»»

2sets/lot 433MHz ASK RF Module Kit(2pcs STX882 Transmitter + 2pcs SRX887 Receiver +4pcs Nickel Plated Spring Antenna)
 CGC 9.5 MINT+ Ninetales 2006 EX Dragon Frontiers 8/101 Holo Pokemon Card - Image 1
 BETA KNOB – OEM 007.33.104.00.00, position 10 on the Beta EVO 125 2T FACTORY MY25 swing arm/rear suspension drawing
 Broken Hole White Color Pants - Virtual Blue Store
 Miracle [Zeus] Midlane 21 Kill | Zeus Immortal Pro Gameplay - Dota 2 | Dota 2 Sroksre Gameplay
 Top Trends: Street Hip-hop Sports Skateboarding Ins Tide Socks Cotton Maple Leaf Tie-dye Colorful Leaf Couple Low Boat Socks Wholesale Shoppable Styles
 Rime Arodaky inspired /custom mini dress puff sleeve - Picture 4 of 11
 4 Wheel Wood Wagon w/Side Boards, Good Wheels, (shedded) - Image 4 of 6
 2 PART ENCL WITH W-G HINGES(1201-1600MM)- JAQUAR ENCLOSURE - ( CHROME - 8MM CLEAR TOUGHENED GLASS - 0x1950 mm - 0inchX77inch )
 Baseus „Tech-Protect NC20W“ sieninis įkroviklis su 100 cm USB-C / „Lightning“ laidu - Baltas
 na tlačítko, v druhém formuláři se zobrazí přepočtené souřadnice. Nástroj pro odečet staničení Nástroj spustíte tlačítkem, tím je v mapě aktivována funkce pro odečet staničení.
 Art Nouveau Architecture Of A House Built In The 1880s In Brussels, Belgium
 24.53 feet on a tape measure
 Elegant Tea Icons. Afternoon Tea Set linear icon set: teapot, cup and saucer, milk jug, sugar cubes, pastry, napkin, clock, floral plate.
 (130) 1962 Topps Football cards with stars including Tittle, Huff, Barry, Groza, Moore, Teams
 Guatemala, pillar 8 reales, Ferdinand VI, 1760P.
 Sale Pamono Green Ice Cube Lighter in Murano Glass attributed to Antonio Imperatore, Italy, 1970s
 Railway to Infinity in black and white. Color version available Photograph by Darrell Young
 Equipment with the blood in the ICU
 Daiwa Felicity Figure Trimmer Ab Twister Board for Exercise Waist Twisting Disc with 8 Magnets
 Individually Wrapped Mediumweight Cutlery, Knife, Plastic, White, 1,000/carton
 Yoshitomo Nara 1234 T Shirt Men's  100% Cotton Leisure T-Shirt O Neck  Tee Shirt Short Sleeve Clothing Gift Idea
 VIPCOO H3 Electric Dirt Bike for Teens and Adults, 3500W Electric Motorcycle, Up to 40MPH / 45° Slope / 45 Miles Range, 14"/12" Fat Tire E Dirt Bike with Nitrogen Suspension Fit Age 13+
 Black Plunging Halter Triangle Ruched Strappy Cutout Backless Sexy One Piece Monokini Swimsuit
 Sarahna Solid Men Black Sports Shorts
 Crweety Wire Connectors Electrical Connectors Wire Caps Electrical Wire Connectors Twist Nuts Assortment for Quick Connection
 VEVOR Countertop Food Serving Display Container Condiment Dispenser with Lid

««

◆ INSTRUCTIONS TO FOLLOW
Each record is to be retyped exactly as it appears.

◆ RESULT OF THIS EXERCISE
2sets/lot 433MHz ASK RF Module Kit(2pcs STX882 Transmitter + 2pcs SRX887 Receiver +4pcs Nickel Plated Spring Antenna)
 CGC 9.5 MINT+ Ninetales 2006 EX Dragon Frontiers 8/101 Holo Pokemon Card - Image 1
 BETA KNOB – OEM 007.33.104.00.00, position 10 on the Beta EVO 125 2T FACTORY MY25 swing arm/rear suspension drawing
 Broken Hole White Color Pants - Virtual Blue Store
 Miracle [Zeus] Midlane 21 Kill | Zeus Immortal Pro Gameplay - Dota 2 | Dota 2 Sroksre Gameplay
 Top Trends: Street Hip-hop Sports Skateboarding Ins Tide Socks Cotton Maple Leaf Tie-dye Colorful Leaf Couple Low Boat Socks Wholesale Shoppable Styles
 Rime Arodaky inspired /custom mini dress puff sleeve - Picture 4 of 11
 4 Wheel Wood Wagon w/Side Boards, Good Wheels, (shedded) - Image 4 of 6
 2 PART ENCL WITH W-G HINGES(1201-1600MM)- JAQUAR ENCLOSURE - ( CHROME - 8MM CLEAR TOUGHENED GLASS - 0x1950 mm - 0inchX77inch )
 Baseus „Tech-Protect NC20W“ sieninis įkroviklis su 100 cm USB-C / „Lightning“ laidu - Baltas
 na tlačítko, v druhém formuláři se zobrazí přepočtené souřadnice. Nástroj pro odečet staničení Nástroj spustíte tlačítkem, tím je v mapě aktivována funkce pro odečet staničení.
 Art Nouveau Architecture Of A House Built In The 1880s In Brussels, Belgium
 24.53 feet on a tape measure
 Elegant Tea Icons. Afternoon Tea Set linear icon set: teapot, cup and saucer, milk jug, sugar cubes, pastry, napkin, clock, floral plate.
 (130) 1962 Topps Football cards with stars including Tittle, Huff, Barry, Groza, Moore, Teams
 Guatemala, pillar 8 reales, Ferdinand VI, 1760P.
 Sale Pamono Green Ice Cube Lighter in Murano Glass attributed to Antonio Imperatore, Italy, 1970s
 Railway to Infinity in black and white. Color version available Photograph by Darrell Young
 Equipment with the blood in the ICU
 Daiwa Felicity Figure Trimmer Ab Twister Board for Exercise Waist Twisting Disc with 8 Magnets
 Individually Wrapped Mediumweight Cutlery, Knife, Plastic, White, 1,000/carton
 Yoshitomo Nara 1234 T Shirt Men's  100% Cotton Leisure T-Shirt O Neck  Tee Shirt Short Sleeve Clothing Gift Idea
 VIPCOO H3 Electric Dirt Bike for Teens and Adults, 3500W Electric Motorcycle, Up to 40MPH / 45° Slope / 45 Miles Range, 14"/12" Fat Tire E Dirt Bike with Nitrogen Suspension Fit Age 13+
 Black Plunging Halter Triangle Ruched Strappy Cutout Backless Sexy One Piece Monokini Swimsuit
 Sarahna Solid Men Black Sports Shorts
 Crweety Wire Connectors Electrical Connectors Wire Caps Electrical Wire Connectors Twist Nuts Assortment for Quick Connection
 VEVOR Countertop Food Serving Display Container Condiment Dispenser with Lid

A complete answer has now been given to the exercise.